Nearly 100 Catholic Chicagoans gathered at the Holy Name Cathedral Wednesday afternoon to pray and push for immigration reform.

PRIESTS_nun with rosary

Photo by Jeremy Gantz/Medill

Sister Jean Marie, a member of Sisters and Brothers for Justice for Immigrants, prays during Wednesday's gathering for immigration reform at Holy Name Cathedral.

God stands with supporters of immigration law reform, according to the nearly 100 Catholic Chicagoans who gathered on the steps of Holy Name Cathedral on Wednesday afternoon.

For the sixth week in a row, a diverse group of priests, nuns and laypeople stood together in solidarity with illegal immigrants to push for an overhaul of U.S. immigration laws. The one-hour rally featured prayers in Swahili, Gaelic, Polish and Vietnamese, as well as English and Spanish.

“We continue with our brothers to support the dispensation of non-felony immigrants,” Bishop Gustavo Garcia-Siller of the Chicago Archdiocese said at the cathedral, located at West Chicago Avenue and North State Street.

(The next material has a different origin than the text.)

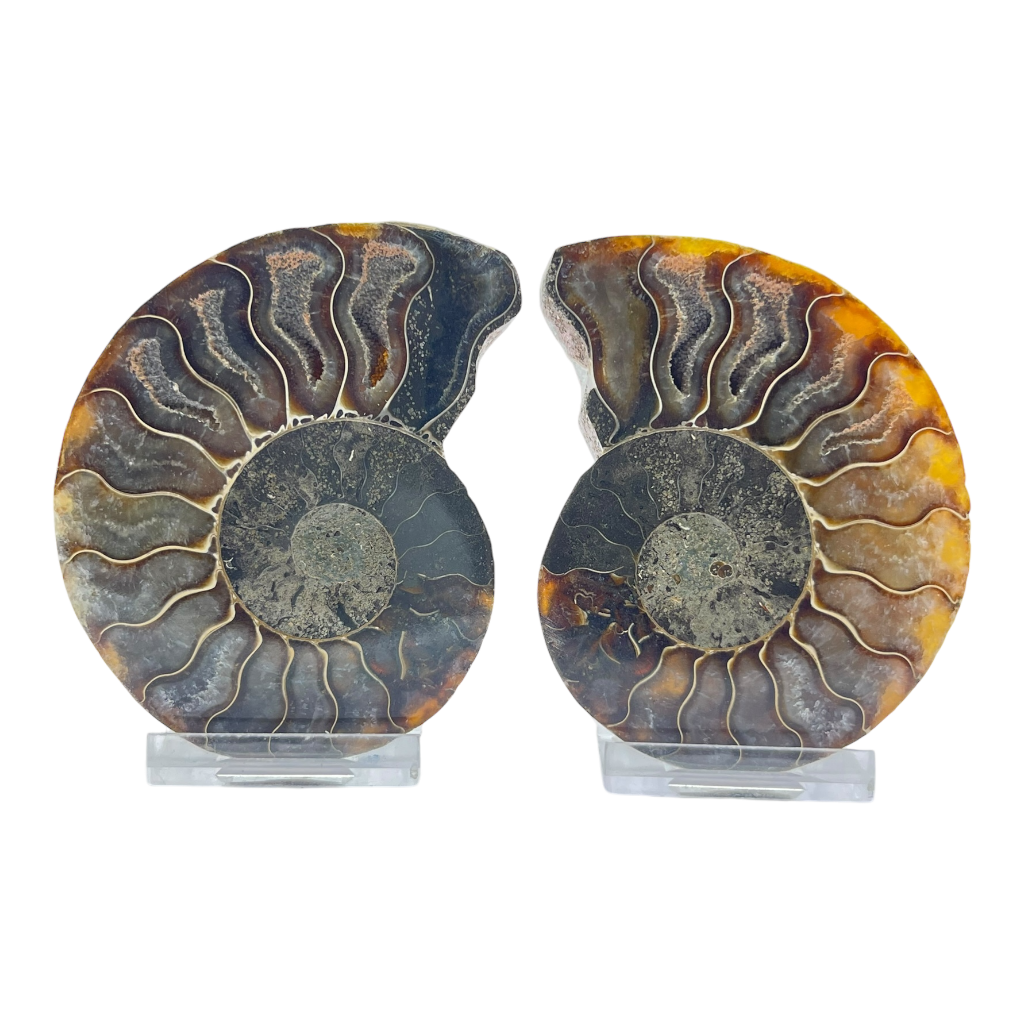 Ammonite (Cleoniceras) Sliced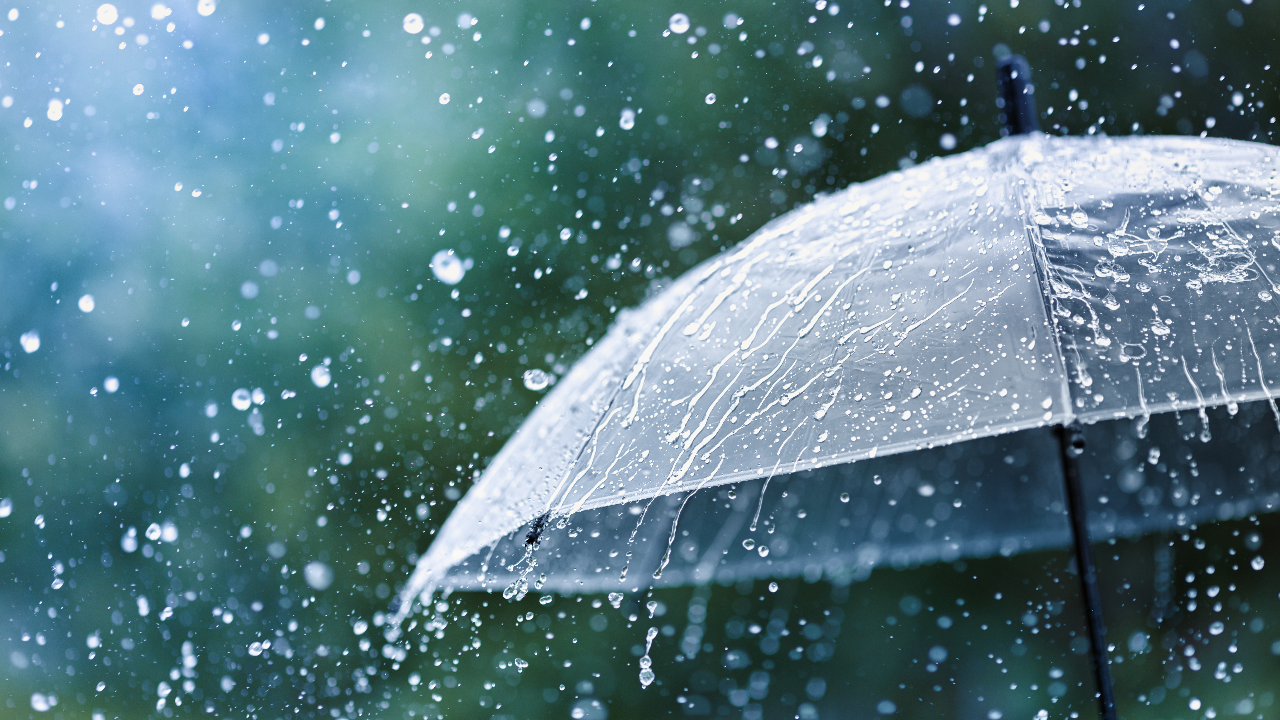 กรมอุตุนิยมวิทยา เผย "ฝนชะช่อมะม่วง" ปีนี้มาเร็ว ช่วง 12-14 ม.ค. 67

Since the beginning of Lent in late February, Priests for Justice for Immigrants, a Chicago-based group of more than 100 priests, has organized and conducted “Lenten Rosary of Hope” rallies every Wednesday at the Federal Plaza. The group had yesterday’s event at the cathedral to emphasize the importance of the issue to the Catholic Church.  

In 2003, American and Mexican Catholic bishops called for comprehensive changes to U.S. immigration laws, including broad-based legalization of the undocumented, creation of a temporary worker program and the encouragement of family reunification.

“We have 4,000 families in St. Pius V parish [in Pilsen], and approximately half of them are undocumented. So this affects them directly,” the Rev. Brendan Curran, pastor at the church, said after the rally.

The Rev. Mark Bartosic, who led Wednesday’s event, said the 40 days before Easter are an especially important time for proponents of immigration reform.

“Lent is a time of conversion and change of heart,” he said. “And today we’re hoping for a change of heart among those legislators opposed to immigration reform.”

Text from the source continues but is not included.